Selon le groupe régional étudié, en effet, certains gènes ou associations de gènes apparaissent plus fréquemment que d'autres. Menés en premier lieu dans un but épidémiologique (pour comprendre les liaisons qui existent entre marqueurs et certaines maladies), ces travaux ont confirmé à quel point l'ADN des citoyens français reflétait la diversité ethnique du pays. En mesurant le taux de variabilité de certains gènes d'un groupe d'individus à un autre, ils ont également permis de préciser la dynamique de la population française depuis l'époque gallo-romaine, ses évolutions et ses mouvements.

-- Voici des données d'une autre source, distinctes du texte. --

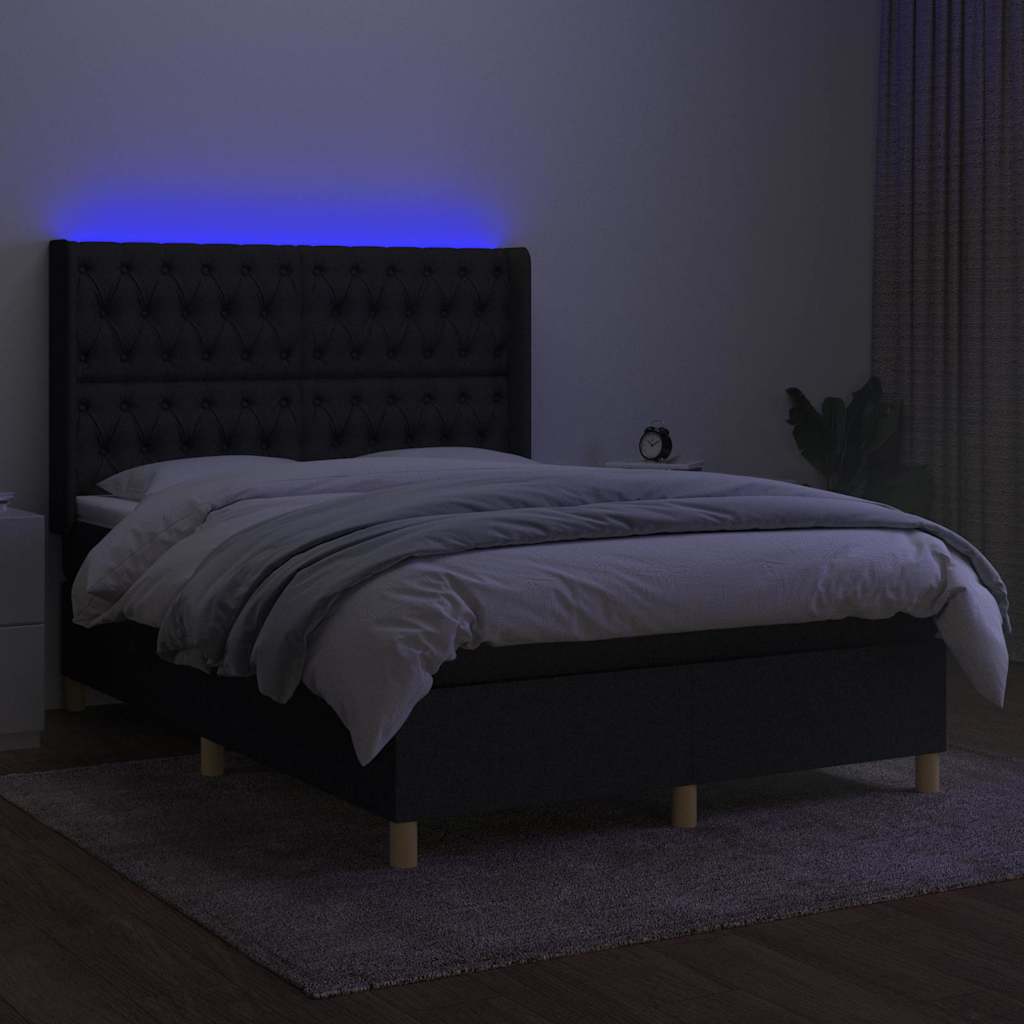 kontinentalseng med LED-lys 140x200 cm stof sort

La méthode, bien connue des généticiens des populations, consiste à définir la « distance génétique » existant entre différentes populations contemporaines, afin de retracer les grandes migrations qui ont présidé à l'expansion géographique de l'homme. Ardent apôtre de cette méthode d'investigation bio-historique, le généticien Luigi Luca Cavalli-Sforza le répète à l'envi : « les gènes et les pierres racontent la même histoire. » Aujourd'hui président du département de génétique de l'école médicale de Stanford (Californie), il travaille ainsi depuis des décennies à parfaire l'arbre généalogique de l'humanité, à partir d'échantillons de sang recueillis sur des groupes de populations du monde entier.

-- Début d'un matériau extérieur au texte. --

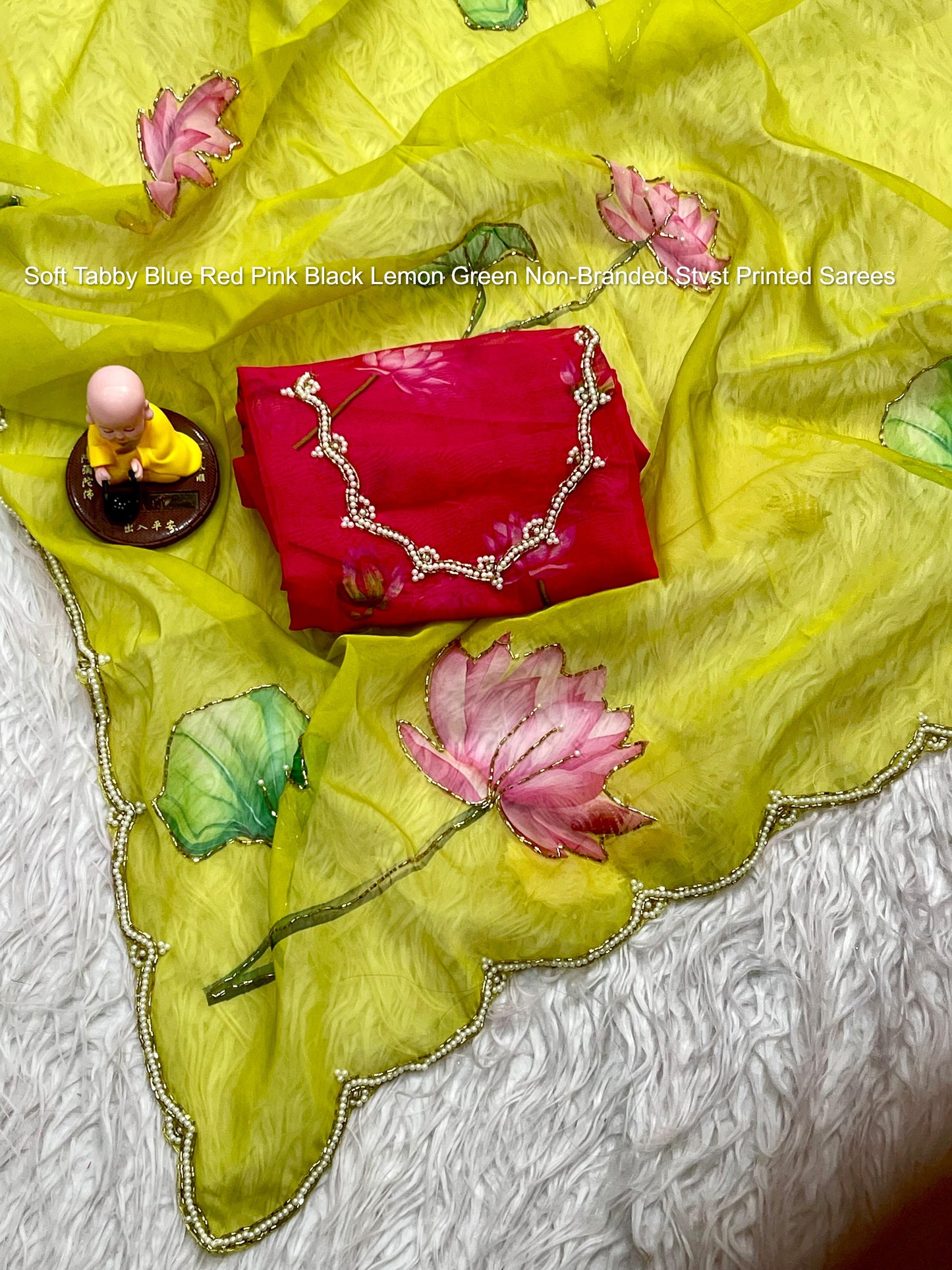 Soft Tabby Blue Red Pink Black Lemon Green Non-Branded Stvst Printed Sarees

Pas d'ADN pour l'affaire Grégory

Fin octobre 2000, les conclusions du rapport scientifique demandé par la justice ont constitué pour la famille du petit Grégory Villemin, retrouvé ligoté et noyé dans la rivière vosgienne de la Vologne, en 1984, une cruelle déception : les traces d'ADN figurant sur une des lettres du « corbeau », affirment les experts, ne sont pas interprétables. En avril 2000, la chambre d'accusation de la cour d'appel de Dijon avait ordonné la réouverture de l'information judiciaire, ainsi qu'une analyse génétique sur le demi-timbre, collé à la salive, qui subsistait sur une enveloppe contenant une lettre anonyme reçue par les grands-parents de l'enfant en avril 1983. Selon le rapport du laboratoire de génétique moléculaire du CHU de Nantes, l'échec de cette tentative « est probablement dû aux diverses manipulations de l'enveloppe depuis 1983 et/ou aux conditions de conservation du scellé ».

Des études édifiantes

Un exemple ? Celui, parmi d'autres, des premiers Amérindiens. Pour les examiner sous la loupe de la génétique, l'équipe de Luca Cavalli-Sforza s'est intéressée au chromosome Y (matériel presque aussi prisé que l'ADN mitochondrial pour les études généalogiques, puisqu'il ne se transmet que de père en fils) de 173 de nos contemporains, vivant sur les cinq continents. À l'aide d'une méthode d'analyse très puissante, l'équipe a découvert sur un petit fragment de ce chromosome une singulière mutation, présente dans 90,5 % des populations d'Amérique du Sud et d'Amérique latine examinées, mais qu'on ne retrouve dans aucune population hors du continent américain. Une exclusivité territoriale qui, malgré la faiblesse de l'échantillon étudié, ne laisse guère de doute sur l'origine de cette variation génétique : celle-ci a probablement coïncidé avec l'arrivée des premiers hommes dans le Nouveau Monde, à une époque que les généticiens, comme les archéologues, situent il y a environ 30 000 ans.